Exercise directions: In the records below, the relevant part opens with the line containing "Reform and Politics" and closes with the line containing "Matematiğin Kısa Tarihi"; print that part exactly and only, without its pictures.

══ Records to process ══

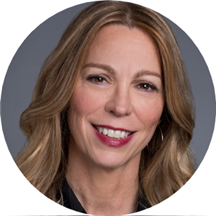 Lynn Mirabito, LCSW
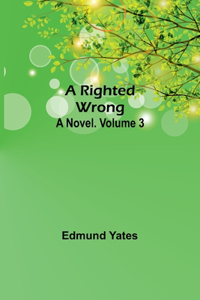 Reform and Politics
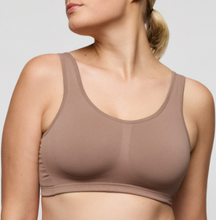Load image into Gallery viewer, Nudda 0163610 Wireless Bralette
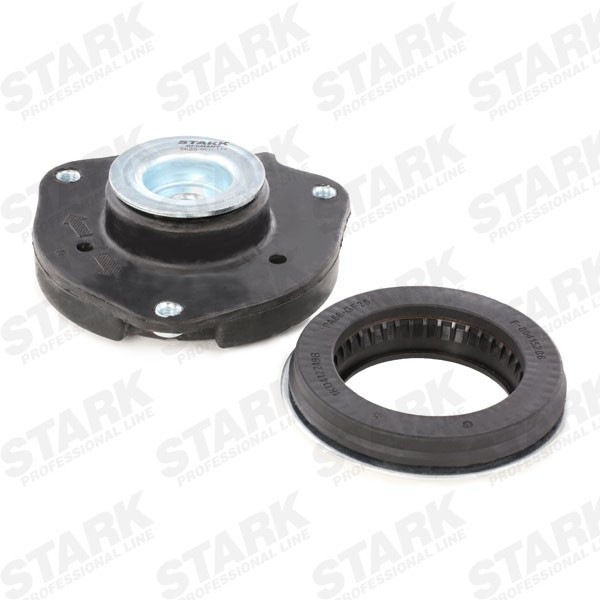 SKSS0670171 Suspension top mount STARK SKSS-0670171 review and test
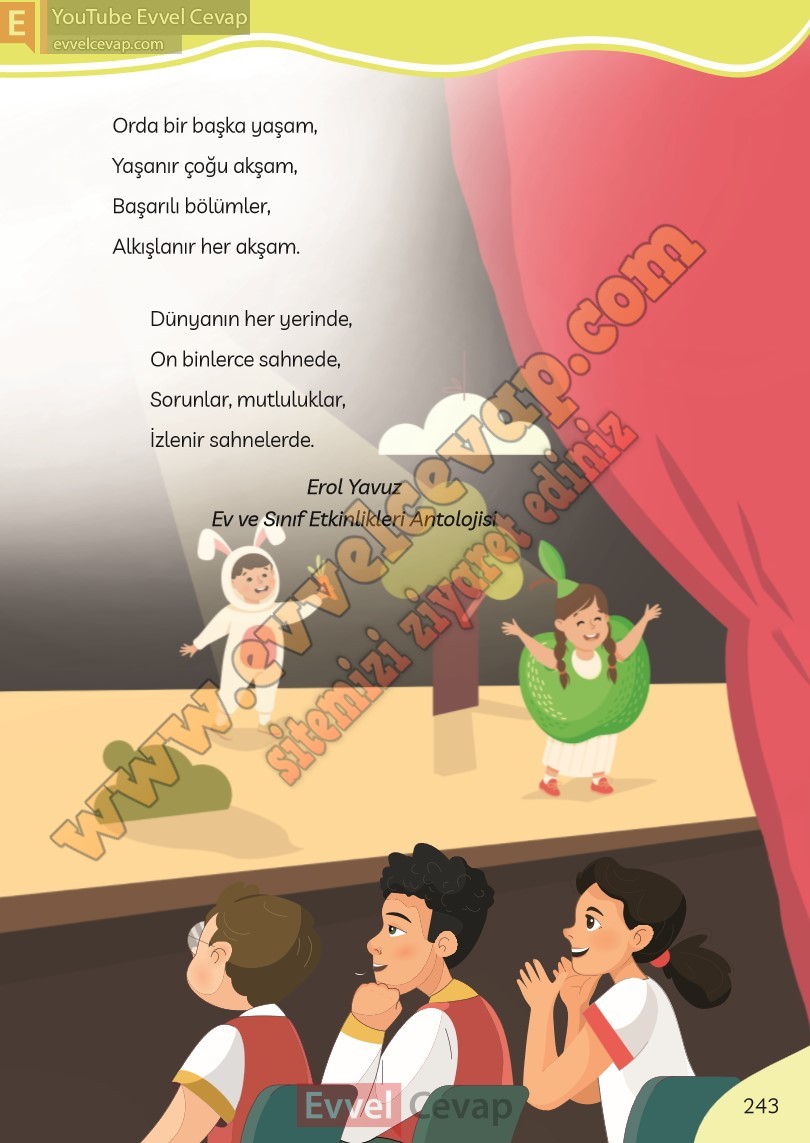 3-sinif-turkce-ders-kitabi-cevaplari-meb-yayinlari-sayfa-243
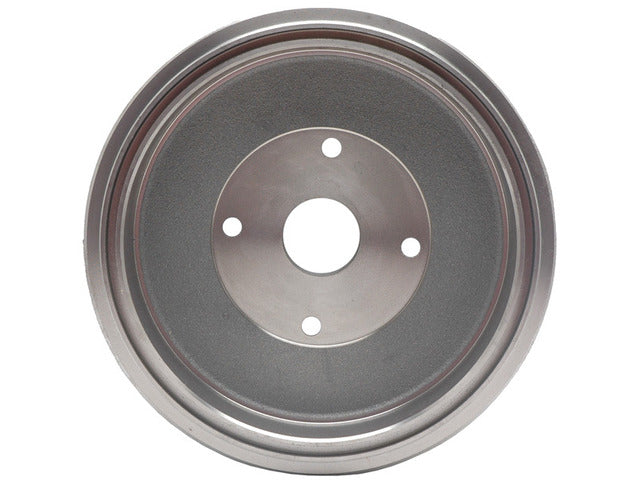 Brake Drum Raybestos Brakes 9335R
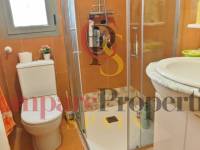 Sale - Apartment - Dénia - Puerto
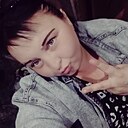 Неонилла, 38 лет
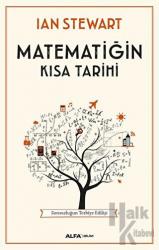 Matematiğin Kısa Tarihi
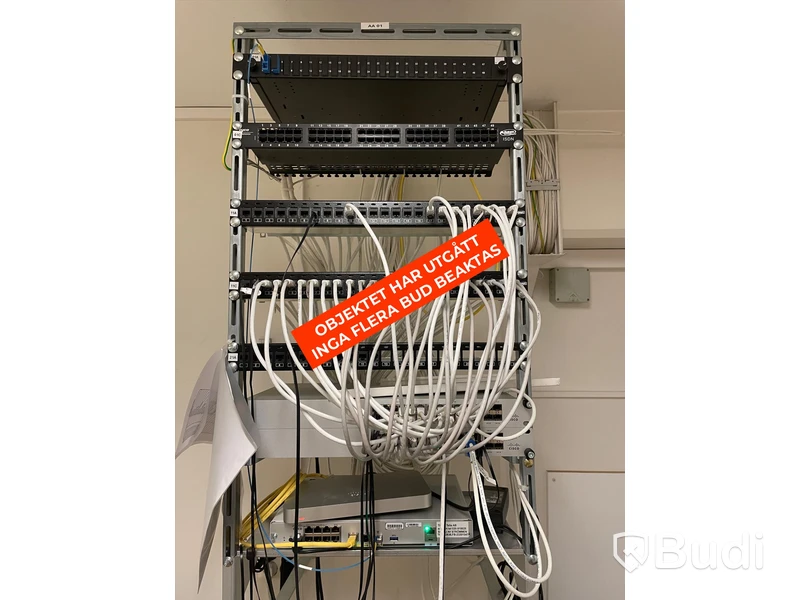 Server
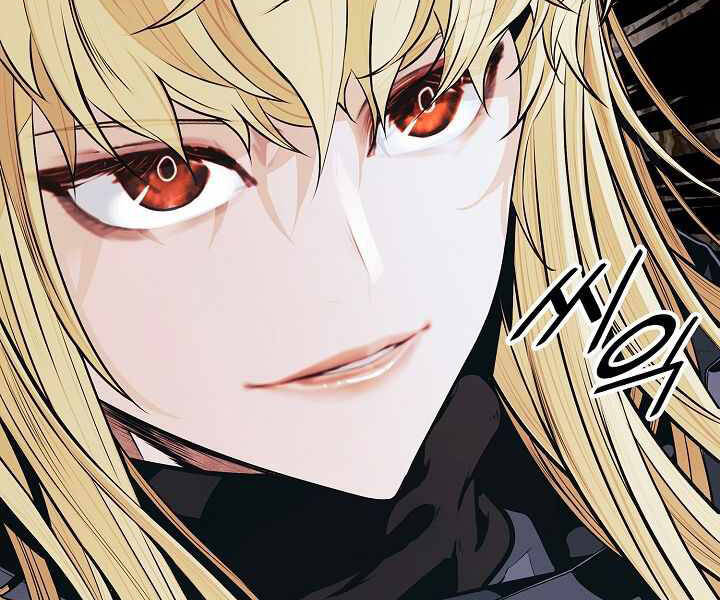 Bất bại chân ma chapter 136 - Upload bởi truyensieuhay.com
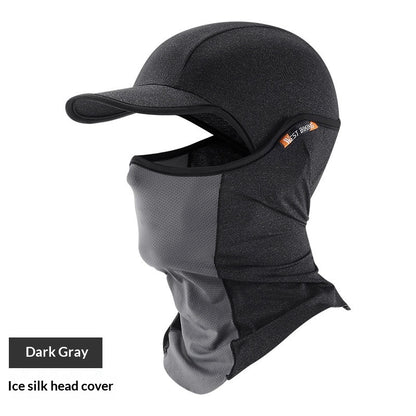 Buy Stylish Beanies for Everyday Wear Warm Winter Cold Fashion.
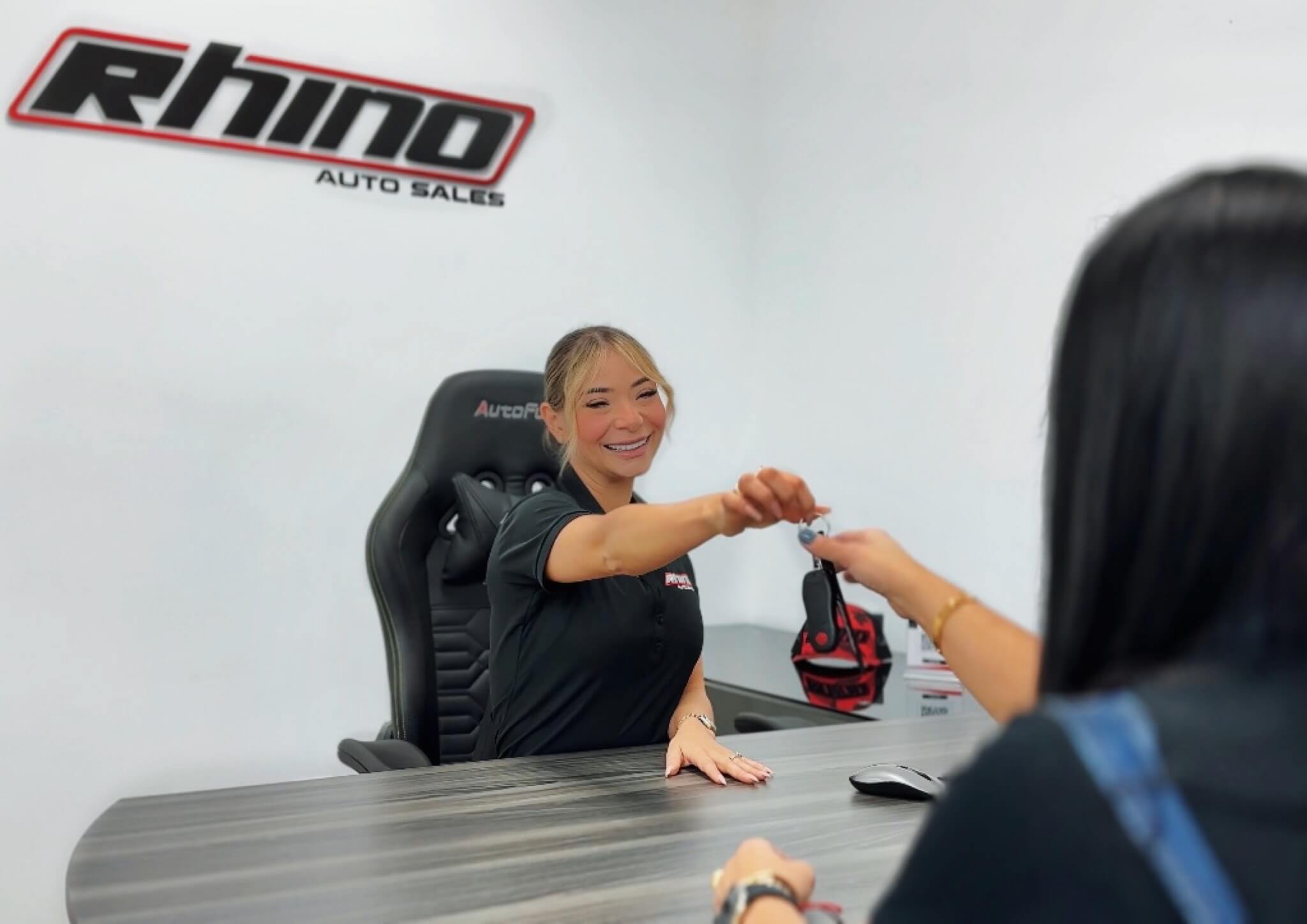 used_car_dealer_miami_florida_cars_for_sales Rhino Auto Sales, Corp.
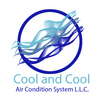 AIR PURIFICATION SYSTEM from COOL AND COOL AIR CONDITION SYSTEM LLC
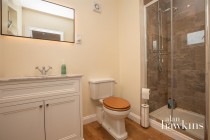 Images for Wiltshire Crescent, Royal Wootton Bassett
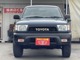 トヨタ ハイラックスサーフ 2.7 SSR-X Vセレクション 4WD リフトアップ 社外ホイール MTタイヤ 福岡県の詳細画像 その2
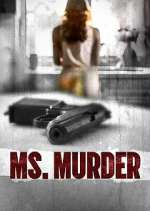 Watch Ms. Murder Megashare9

═══

Reply to the task:
 Reform and Politics
Load image into Gallery viewer, Nudda 0163610 Wireless Bralette
 SKSS0670171 Suspension top mount STARK SKSS-0670171 review and test
 3-sinif-turkce-ders-kitabi-cevaplari-meb-yayinlari-sayfa-243
 Brake Drum Raybestos Brakes 9335R
 Sale - Apartment - Dénia - Puerto
 Неонилла, 38 лет
 Matematiğin Kısa Tarihi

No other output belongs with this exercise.